Since 2006, we’ve completely overhauled the system that crawls and indexes supplemental results. The current system provides deeper and more continuous indexing.

Additionally, we are indexing URLs with more parameters and are continuing to place fewer restrictions on the sites we crawl. As a result, Supplemental Results are fresher and more comprehensive than ever.

We’re also working towards showing more Supplemental Results by ensuring that every query is able to search the supplemental index, and expect to roll this out over the course of the summer.

Supplemental results will apparently turn up more frequently in search results, and the results will be fresher.

Is this really a problem?

It helps to keep in mind that Google needs to be able to develop an algorithm that’s makes it possible to sort out the best and most relevant search results to a query.

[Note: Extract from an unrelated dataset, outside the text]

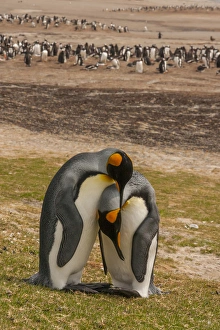 Falkland Islands, Saunders Island. Gentoo penguins and two king penguins preening each other Falkland Islands, Saunders Island. Gentoo penguins and two king penguins preening each other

This is for instance what PageRank is all about.

Even if Google decided to merge the two databases, there would be an enormous number of pages that would never or seldom turn up on the first 10 pages of search results. This applies to most queries.

Pages with no inbound links or little content or from web sites with very little authority (spammy scraper sites, for instance), will normally only turn up when people do very specialized searches, hitting the “long tail” of search. This is the way it should be.

This Valley of Death only becomes a problem if Google starts to fill it with well-written, informative, and original articles and blog posts, while at the same time serving junk pages on the first page of results.

This has been known to happen, and by labeling the valley as “supplemental results” it has become easier for webmasters to arrest Google when such mistakes occur.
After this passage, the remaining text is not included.